There was waterways that you come in and out of the bay. Up into those waterways to the, to the head of tidewaters in all of these rivers that’s come out of the Willapa Bay. And when I was a young boy here, there was huge big timber—big spruce timber eight, ten, twelve foot through. And big spruce and cedar, they were the low ground trees. Up in the higher ground came the hemlock and they were a smalleer grade of timber. But it was all old growth.
Bull :
Millie Lagergren’s recollections from childhood often center around her aunt, who impressed her with a Chinook tradition that has served her well to this day.
Millie Lagergren:
Bessie Pickernell is well known for her basketry. And I think she’s probably made a big impression on my life because I always admired her baskets when I was young. We’d go to her house and she always had a basket on her lap, working on it, and she did such beautiful work. So when my family all grew up and left home I had nothing to do, so I picked up the hobby of basket-making myself. But I think Bessie’s influence was what brought me to the basket-making hobby that I do. It just started out as a pastime, but eventually it turned into a kind of a big thing of my life. I have a basket over in the Smithsonian Museum in Manhattan, New York, on display over there. I have one on the U.S.S. Chinook. It’s a patrol craft named after our tribe.
(Singing)
Millie Lagergren:
This family basket that I made is kind of a part of our family history. It has George and I and all. And we have ten children, only nine survived. But I made that of each one of our family. And on the lid I have, each square on the top of the lid represents a grandchild. And then the beads represent our great grandchildren, so there’s four generations on that basket. And there’s room for the next to be put on as it comes along. Somebody else can keep up the tradition.

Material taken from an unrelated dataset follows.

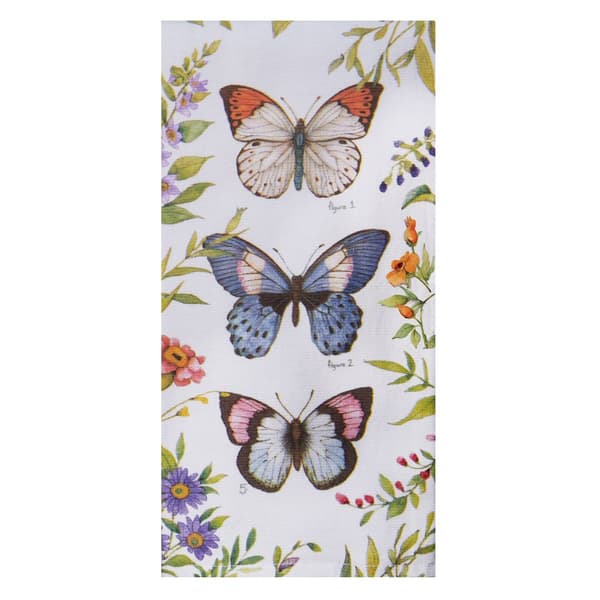 Kay Dee Garden Walk Butterflies Dual Purpose Terry Kitchen Towel - image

I have five daughters and they’re all learning basketry too, so I’m proud of that. You pass a little of it on down to the next generation. We have granddaughters that are learning. And even some of the greats now are showing interest in making them, so I’m happy to pass their tradition down. I’d hate to see it die out.
Bull:
The Lagergrens have also taken on other traditional practices, which Millie says they’ve been fortunate enough to pass on to their children.
Millie Lagergren:
We do the traditional little hobby things. And we have our family gatherings. We cook our salmon over the fire the way the Indians always did. And when our kids got older, they fell right into it and so they’d do the cultural things. They all have drums and they’ve learned to sing and do some of the dances and songs.
George Lagergren:
Quite a little bit of work yet to do with that one, but it’s shaping up now.
Millie Lagergren:
Right now, we’re all making canoes. George has a twenty foot canoe that’s almost done. And well, our kids, we have nine of them, and three of them are in each canoe. So they’re out there working on their canoes and they work as a team of three. And of course their spouses and children are working with them on it.
George’s canoe is right here in the shed, right close here to the house because he worked on it off and on all winter when he had a chance. But the kids now have been, the weather’s nicer and they’re spending their vacation days out at, we have a campground out here. We have a kind of a longhouse built out there ourselves. And so we gather there. We always have our salmon that we cook over the fire and we just gather out there every holiday. The kids come and they pitch their tents or trailer houses or whatever and stay for two or three days. And they all work on their canoes while they’re here.
Bull:
Millie and George Lagergren love their traditions almost as much as family. They say when the time is right, there’ll be a potlatch feast and giveaway – and naming ceremonies for their newest canoes.
For Wisdom of the Elders, I’m Brian Bull.